=== Section Start ===

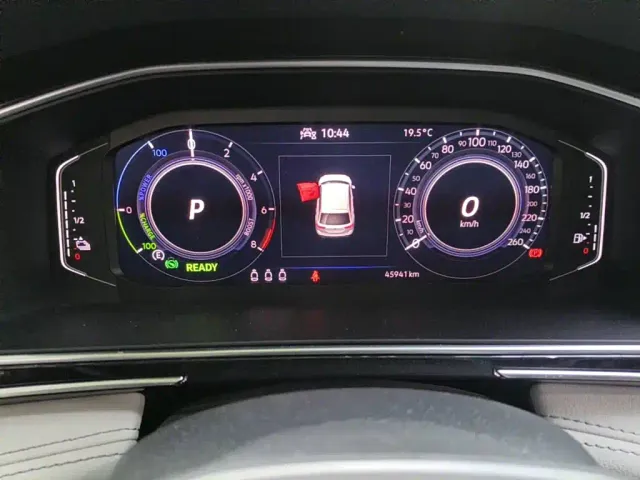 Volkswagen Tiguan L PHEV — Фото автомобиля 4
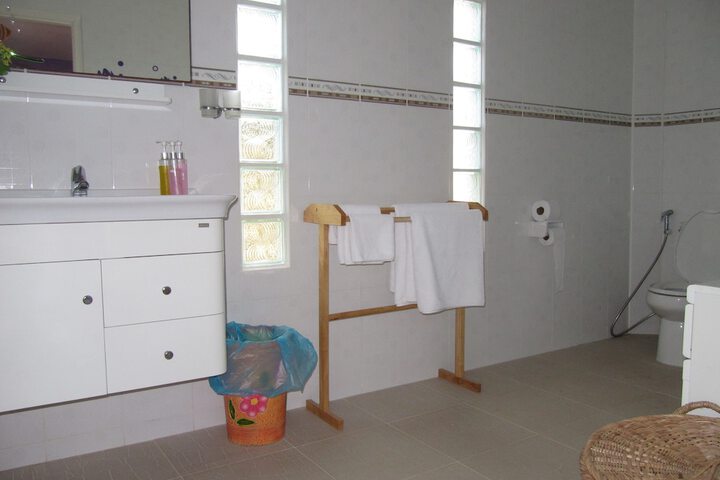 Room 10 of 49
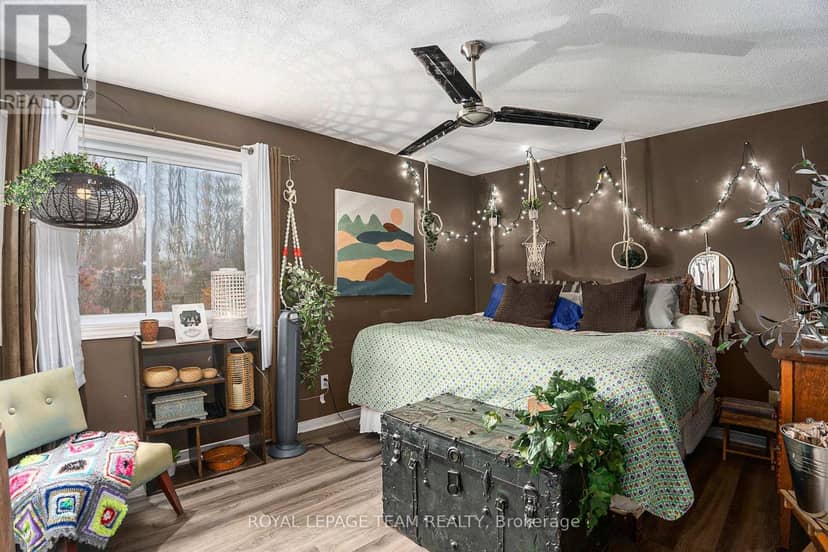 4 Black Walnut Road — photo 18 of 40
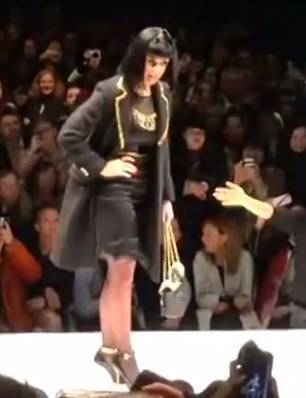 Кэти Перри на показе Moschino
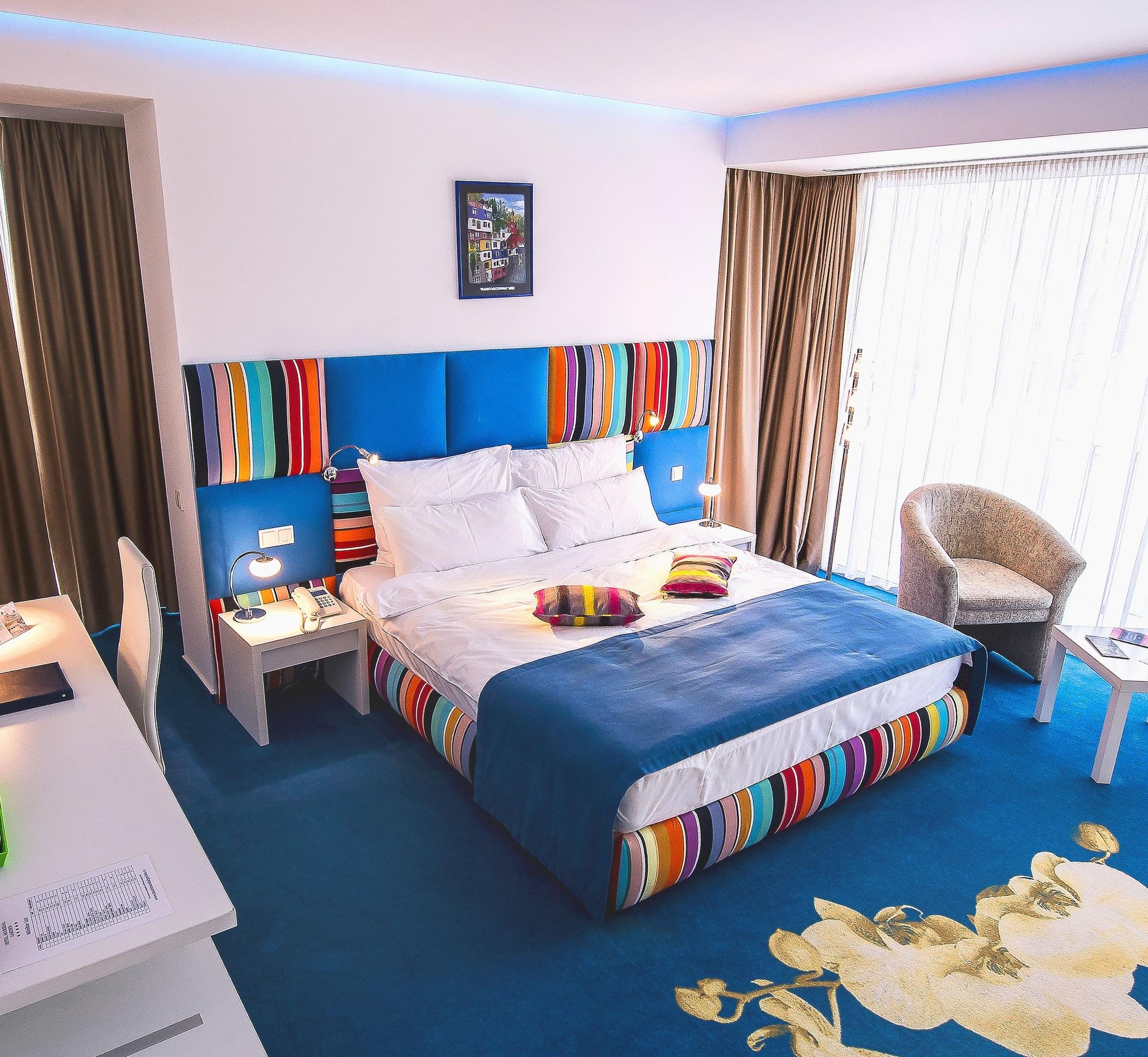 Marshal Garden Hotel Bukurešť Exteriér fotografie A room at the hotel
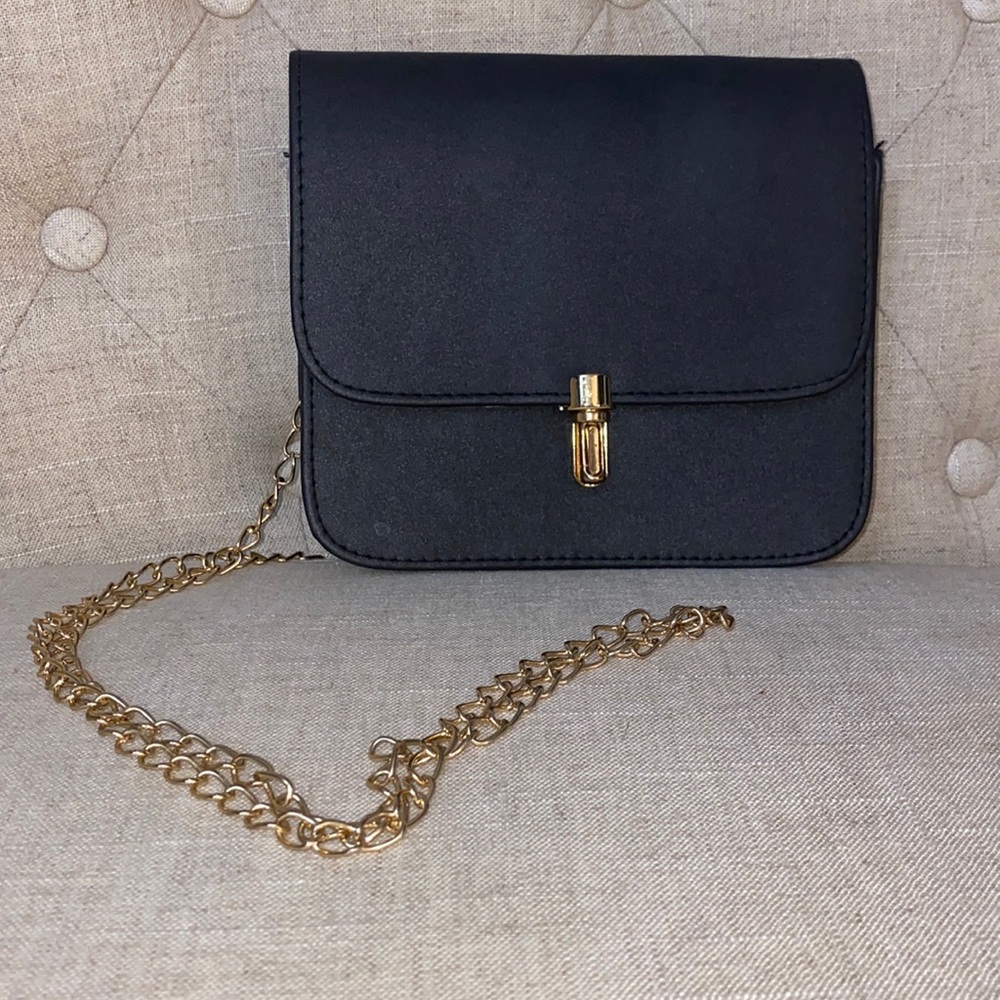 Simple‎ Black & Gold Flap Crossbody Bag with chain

=== Section End ===
=== Section Start ===

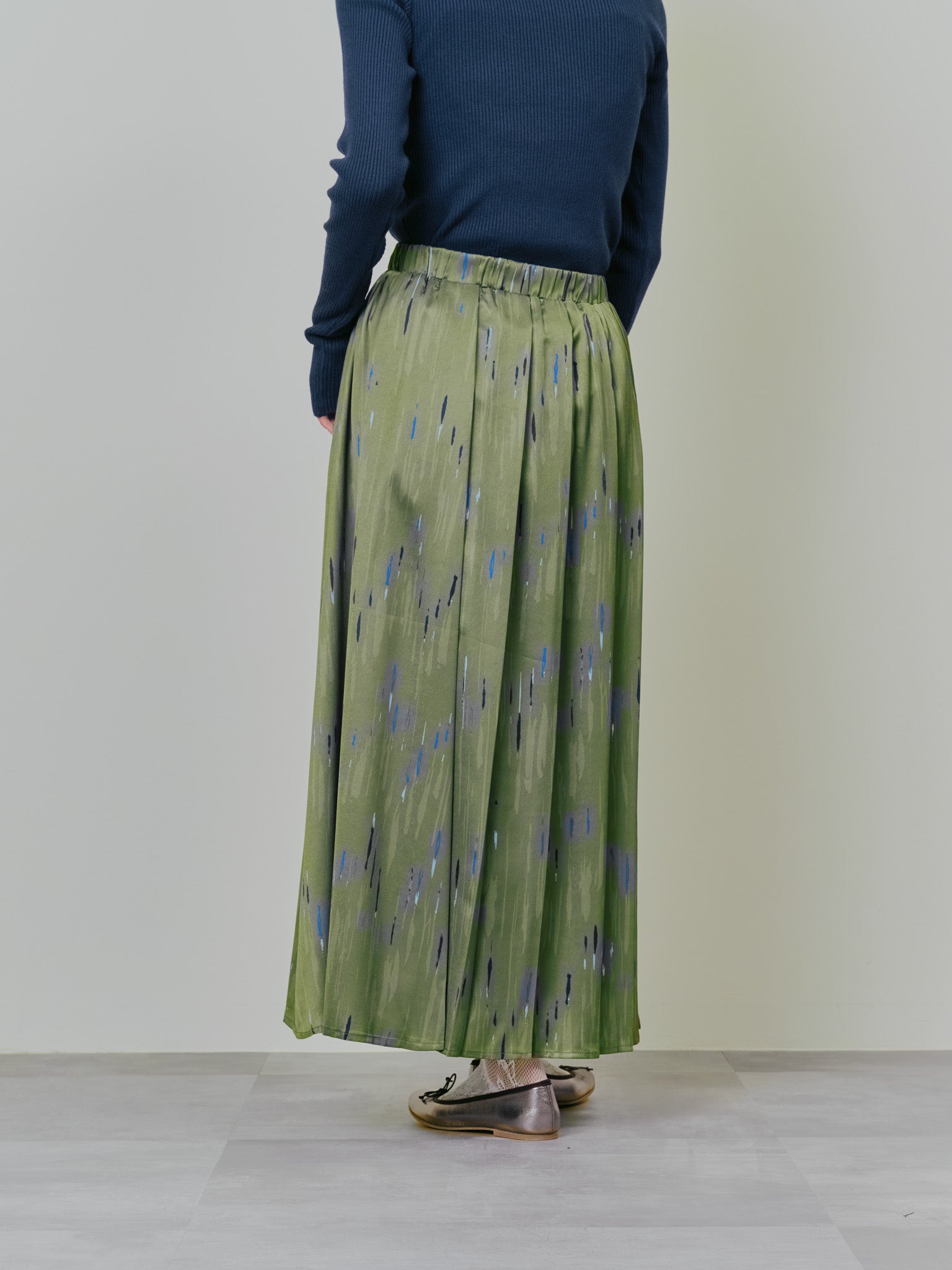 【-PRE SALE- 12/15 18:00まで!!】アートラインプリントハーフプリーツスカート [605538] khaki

=== Section End ===
=== Section Start ===

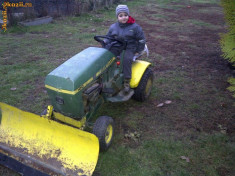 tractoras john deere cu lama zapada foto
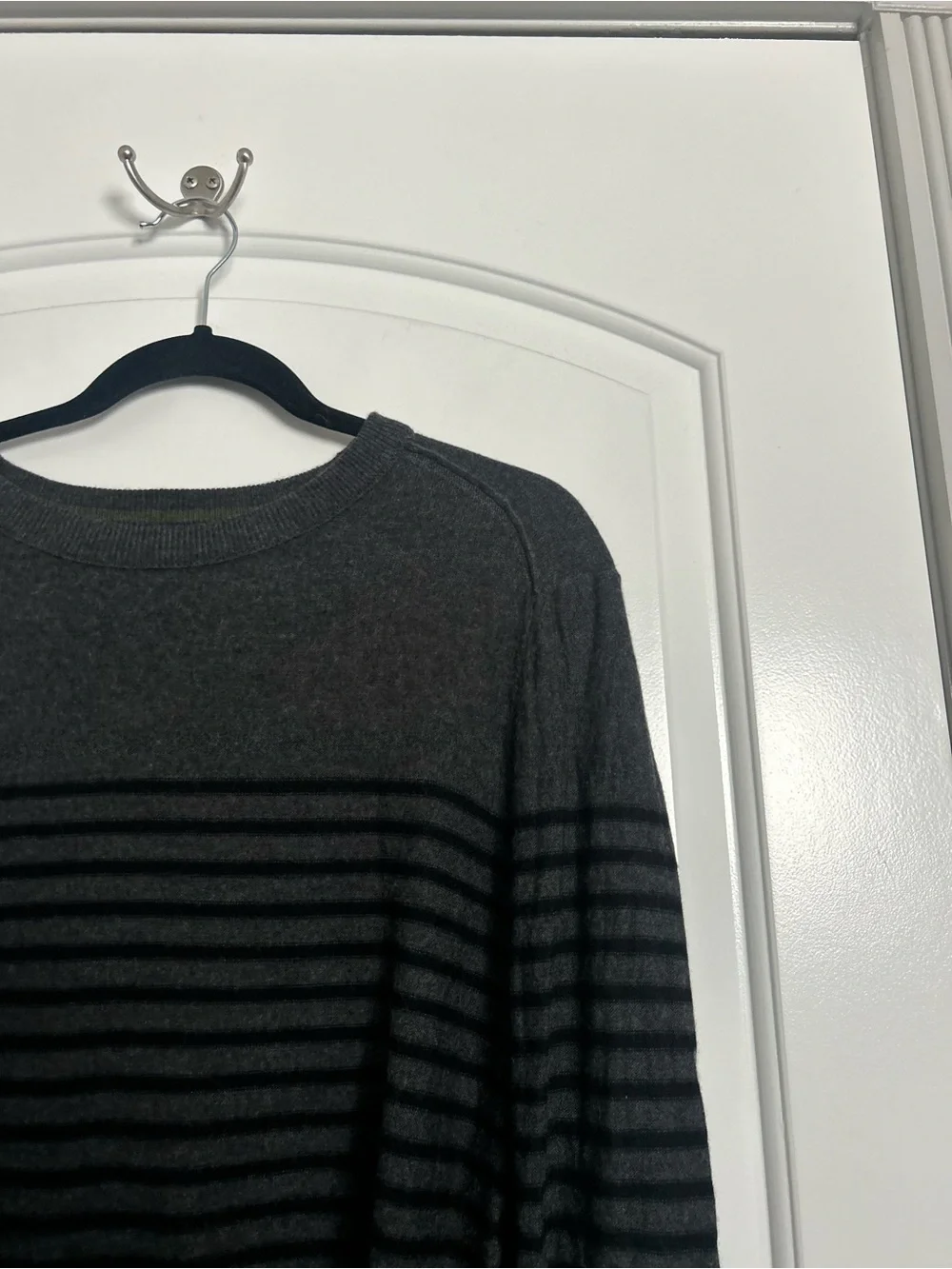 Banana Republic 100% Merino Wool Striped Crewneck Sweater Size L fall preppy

=== Section End ===

● **Work item**
Leaving every picture aside, reproduce exactly the lines above from the one with "Volkswagen Tiguan L PHEV — Фото автомобиля 4" up to and including the one with "Simple‎ Black &", and no others.

● **Answer to the problem**
 Volkswagen Tiguan L PHEV — Фото автомобиля 4
 Room 10 of 49
 4 Black Walnut Road — photo 18 of 40
 Кэти Перри на показе Moschino
 Marshal Garden Hotel Bukurešť Exteriér fotografie A room at the hotel
 Simple‎ Black & Gold Flap Crossbody Bag with chain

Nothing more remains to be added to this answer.